Prompt: Only the lines from the one holding "Bracelet chaine personnalisé" through the end of the material are to be repeated, exactly and without pictures.

━━━ Data extract

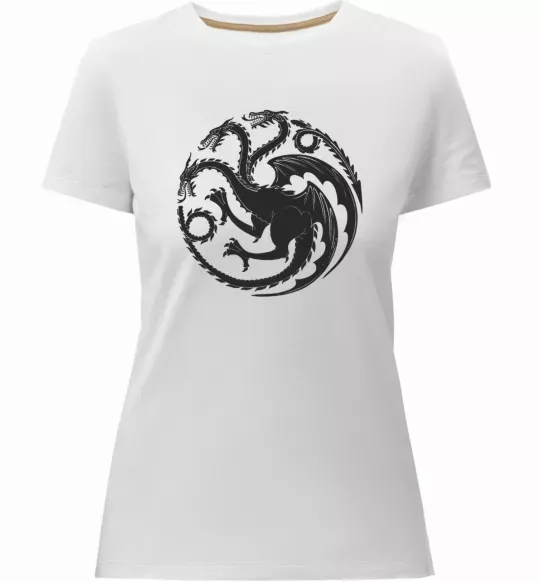 Женская премиум футболка Герб Таргаріенів Белый фото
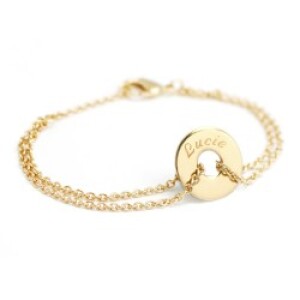 Bracelet chaine personnalisé - Poème femme - Plaqué or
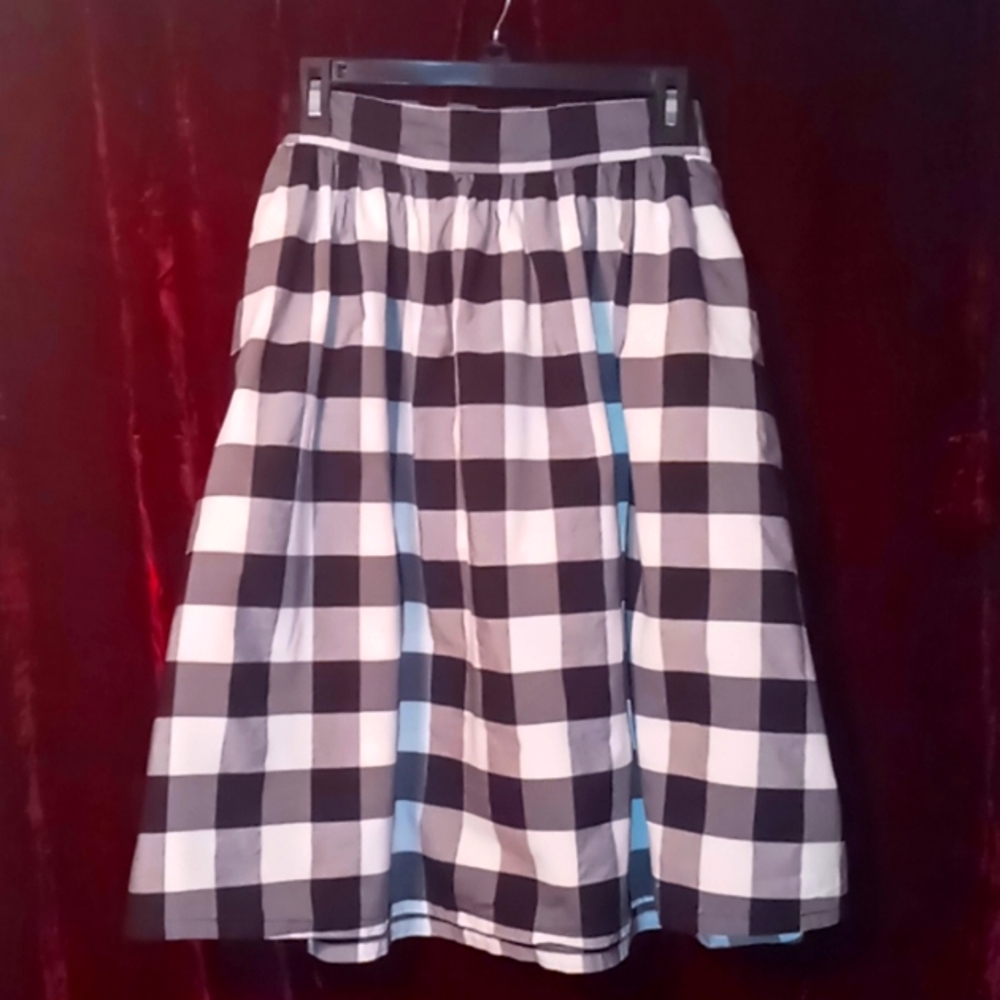 Black and White plaid midi skirt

━━━━━━

Written answer:
 Bracelet chaine personnalisé - Poème femme - Plaqué or
 Black and White plaid midi skirt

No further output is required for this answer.